Among them, the most competitive brand is BYD. The year 2023 is likely to be a year for BYD to gain meaningful market share in the EU and US markets. Other contenders, such as NIO, is dabbling in the EU based on its global strategy. XPeng has differentiated itself with a smart driving solution in the same economic bloc. Zeekr labels itself as a global EV maker. The company has a R&D center in Sweden, which enables the startup to design products such as consumer vehicles and robotaxi suited to all conditions around the world. As a result of this localization strategy, Zeekr and Waymo have agreed to co-develop autonomous driving robo taxis for commercial use in the United States.
The road to the world certainly will not be easy for Chinese companies. When asked about how to beat competition, Zeekr revealed to EqualOcean that ''we welcome more new entrants as it will facilitate EV adoption. Except for competition, collaboration is another theme.
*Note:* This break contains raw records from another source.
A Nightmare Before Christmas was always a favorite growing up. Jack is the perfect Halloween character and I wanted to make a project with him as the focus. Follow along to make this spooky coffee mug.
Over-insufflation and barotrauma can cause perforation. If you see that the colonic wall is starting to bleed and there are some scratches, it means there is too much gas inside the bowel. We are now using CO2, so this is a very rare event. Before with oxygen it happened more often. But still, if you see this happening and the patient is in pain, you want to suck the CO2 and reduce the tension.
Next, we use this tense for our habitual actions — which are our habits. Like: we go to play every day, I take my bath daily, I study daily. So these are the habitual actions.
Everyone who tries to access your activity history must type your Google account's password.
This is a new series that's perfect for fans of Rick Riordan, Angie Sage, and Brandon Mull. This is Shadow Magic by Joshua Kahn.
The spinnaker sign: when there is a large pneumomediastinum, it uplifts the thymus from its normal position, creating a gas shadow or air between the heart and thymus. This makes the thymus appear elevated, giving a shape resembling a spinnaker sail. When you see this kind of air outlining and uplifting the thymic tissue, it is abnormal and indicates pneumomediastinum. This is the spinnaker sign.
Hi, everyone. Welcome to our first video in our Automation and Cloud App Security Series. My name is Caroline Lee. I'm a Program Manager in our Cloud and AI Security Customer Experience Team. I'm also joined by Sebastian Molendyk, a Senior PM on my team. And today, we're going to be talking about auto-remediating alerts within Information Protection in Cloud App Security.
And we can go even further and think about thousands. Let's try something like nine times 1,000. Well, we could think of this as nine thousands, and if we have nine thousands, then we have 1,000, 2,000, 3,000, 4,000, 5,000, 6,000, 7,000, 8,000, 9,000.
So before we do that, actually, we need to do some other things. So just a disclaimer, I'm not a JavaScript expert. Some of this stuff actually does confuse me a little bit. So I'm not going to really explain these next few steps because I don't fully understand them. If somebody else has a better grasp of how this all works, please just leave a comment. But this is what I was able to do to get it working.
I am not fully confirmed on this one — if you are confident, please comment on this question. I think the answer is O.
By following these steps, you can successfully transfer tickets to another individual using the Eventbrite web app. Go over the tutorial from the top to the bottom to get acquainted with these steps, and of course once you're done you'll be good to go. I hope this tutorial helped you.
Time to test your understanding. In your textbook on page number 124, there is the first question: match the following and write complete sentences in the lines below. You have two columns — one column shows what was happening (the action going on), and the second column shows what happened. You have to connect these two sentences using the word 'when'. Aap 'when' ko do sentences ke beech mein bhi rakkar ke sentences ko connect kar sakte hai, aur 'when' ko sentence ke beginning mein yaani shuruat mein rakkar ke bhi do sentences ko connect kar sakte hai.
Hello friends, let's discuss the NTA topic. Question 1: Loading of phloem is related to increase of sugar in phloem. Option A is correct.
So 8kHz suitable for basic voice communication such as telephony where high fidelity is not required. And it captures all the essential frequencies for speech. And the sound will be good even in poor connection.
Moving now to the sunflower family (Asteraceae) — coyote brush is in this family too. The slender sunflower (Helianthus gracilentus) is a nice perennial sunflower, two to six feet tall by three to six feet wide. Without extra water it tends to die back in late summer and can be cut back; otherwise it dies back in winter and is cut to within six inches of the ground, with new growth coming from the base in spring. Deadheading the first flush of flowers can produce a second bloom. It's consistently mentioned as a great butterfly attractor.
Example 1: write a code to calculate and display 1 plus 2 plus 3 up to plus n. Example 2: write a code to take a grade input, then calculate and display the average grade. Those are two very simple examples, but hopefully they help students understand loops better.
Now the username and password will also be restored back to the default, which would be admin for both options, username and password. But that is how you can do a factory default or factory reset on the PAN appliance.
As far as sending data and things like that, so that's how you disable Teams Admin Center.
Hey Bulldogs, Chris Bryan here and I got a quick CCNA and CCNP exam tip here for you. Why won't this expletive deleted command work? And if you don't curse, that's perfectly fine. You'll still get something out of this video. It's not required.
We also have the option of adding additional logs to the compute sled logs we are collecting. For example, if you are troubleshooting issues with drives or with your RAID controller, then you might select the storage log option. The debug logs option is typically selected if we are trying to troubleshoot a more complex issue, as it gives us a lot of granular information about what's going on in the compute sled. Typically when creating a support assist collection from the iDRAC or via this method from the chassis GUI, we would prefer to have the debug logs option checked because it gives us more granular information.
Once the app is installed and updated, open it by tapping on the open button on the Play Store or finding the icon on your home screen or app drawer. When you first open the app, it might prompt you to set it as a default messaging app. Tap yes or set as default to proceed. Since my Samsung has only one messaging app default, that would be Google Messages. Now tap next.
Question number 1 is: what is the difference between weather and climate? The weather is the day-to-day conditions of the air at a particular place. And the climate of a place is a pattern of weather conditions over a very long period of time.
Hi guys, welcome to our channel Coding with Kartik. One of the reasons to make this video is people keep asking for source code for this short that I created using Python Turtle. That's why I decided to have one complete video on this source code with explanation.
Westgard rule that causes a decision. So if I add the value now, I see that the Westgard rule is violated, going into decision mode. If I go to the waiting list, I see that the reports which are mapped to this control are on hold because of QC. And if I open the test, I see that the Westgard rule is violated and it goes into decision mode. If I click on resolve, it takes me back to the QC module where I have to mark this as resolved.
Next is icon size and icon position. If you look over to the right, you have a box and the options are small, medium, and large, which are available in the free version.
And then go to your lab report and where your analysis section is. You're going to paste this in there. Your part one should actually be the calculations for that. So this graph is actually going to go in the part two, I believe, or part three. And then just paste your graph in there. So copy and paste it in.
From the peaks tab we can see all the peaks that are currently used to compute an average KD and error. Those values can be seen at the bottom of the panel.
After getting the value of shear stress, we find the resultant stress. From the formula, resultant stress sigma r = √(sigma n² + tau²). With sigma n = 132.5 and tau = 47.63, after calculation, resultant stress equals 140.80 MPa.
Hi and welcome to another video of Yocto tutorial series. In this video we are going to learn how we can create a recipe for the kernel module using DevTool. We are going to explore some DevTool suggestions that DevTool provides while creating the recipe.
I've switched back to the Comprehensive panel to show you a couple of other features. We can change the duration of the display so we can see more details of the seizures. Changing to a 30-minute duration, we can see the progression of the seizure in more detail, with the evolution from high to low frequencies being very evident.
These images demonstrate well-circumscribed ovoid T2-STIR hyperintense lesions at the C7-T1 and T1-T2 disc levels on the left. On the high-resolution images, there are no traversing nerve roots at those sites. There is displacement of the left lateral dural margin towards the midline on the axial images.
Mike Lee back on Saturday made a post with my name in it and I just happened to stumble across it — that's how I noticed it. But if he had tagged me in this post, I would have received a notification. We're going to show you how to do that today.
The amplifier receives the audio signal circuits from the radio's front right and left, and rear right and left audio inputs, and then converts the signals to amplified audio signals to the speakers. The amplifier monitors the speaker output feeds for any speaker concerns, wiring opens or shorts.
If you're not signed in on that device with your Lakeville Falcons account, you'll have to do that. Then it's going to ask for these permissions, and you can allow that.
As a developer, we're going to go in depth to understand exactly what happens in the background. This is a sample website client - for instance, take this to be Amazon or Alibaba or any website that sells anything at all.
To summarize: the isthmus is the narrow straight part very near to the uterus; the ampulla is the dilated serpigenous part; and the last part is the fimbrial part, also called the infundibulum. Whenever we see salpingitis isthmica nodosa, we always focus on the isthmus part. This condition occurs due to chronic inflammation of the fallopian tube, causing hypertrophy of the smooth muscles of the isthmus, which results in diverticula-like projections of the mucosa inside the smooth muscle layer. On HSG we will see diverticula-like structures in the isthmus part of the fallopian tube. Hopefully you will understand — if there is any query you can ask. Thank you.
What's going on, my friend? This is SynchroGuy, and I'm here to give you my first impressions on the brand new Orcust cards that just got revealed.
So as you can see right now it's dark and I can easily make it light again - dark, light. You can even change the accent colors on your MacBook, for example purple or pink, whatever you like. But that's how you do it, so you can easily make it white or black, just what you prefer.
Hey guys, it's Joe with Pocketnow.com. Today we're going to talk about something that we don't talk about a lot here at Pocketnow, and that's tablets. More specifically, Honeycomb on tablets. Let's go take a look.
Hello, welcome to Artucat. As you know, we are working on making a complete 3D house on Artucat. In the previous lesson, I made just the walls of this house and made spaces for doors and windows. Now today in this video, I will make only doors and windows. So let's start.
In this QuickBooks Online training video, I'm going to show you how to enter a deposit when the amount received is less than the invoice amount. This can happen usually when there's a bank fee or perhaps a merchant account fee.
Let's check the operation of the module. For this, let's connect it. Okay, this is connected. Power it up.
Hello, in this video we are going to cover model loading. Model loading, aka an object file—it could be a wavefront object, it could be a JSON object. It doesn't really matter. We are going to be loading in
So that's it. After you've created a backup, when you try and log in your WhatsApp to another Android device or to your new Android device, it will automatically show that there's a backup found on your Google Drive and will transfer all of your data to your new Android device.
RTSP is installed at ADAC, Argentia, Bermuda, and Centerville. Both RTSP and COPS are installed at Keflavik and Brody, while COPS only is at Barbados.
Electrification and intelligent integration has given Chinese companies a chance to leap forward.''
Bottomline
As a traditional car company, Zeekr’s parent Geely is still struggling to transition to an age of NEVs, as evidenced by a 7.5% penetration rate of its EV models in the whole car sales in 2021. It will spare no effort to support Zeekr's development, which means the company will enjoy many advantages like a shared E&E planform and plant that are the envy of a typical “New Forces” competitor. The company has incorporated the best of both worlds to create a third direction in EV manufacturing and distribution. That is to combine the manufacturing expertise of Geely with different sales and distribution tactics. Although Zeekr may find it hard to punch above its weight on the expansion scheme, it surely is a player to be reckoned with.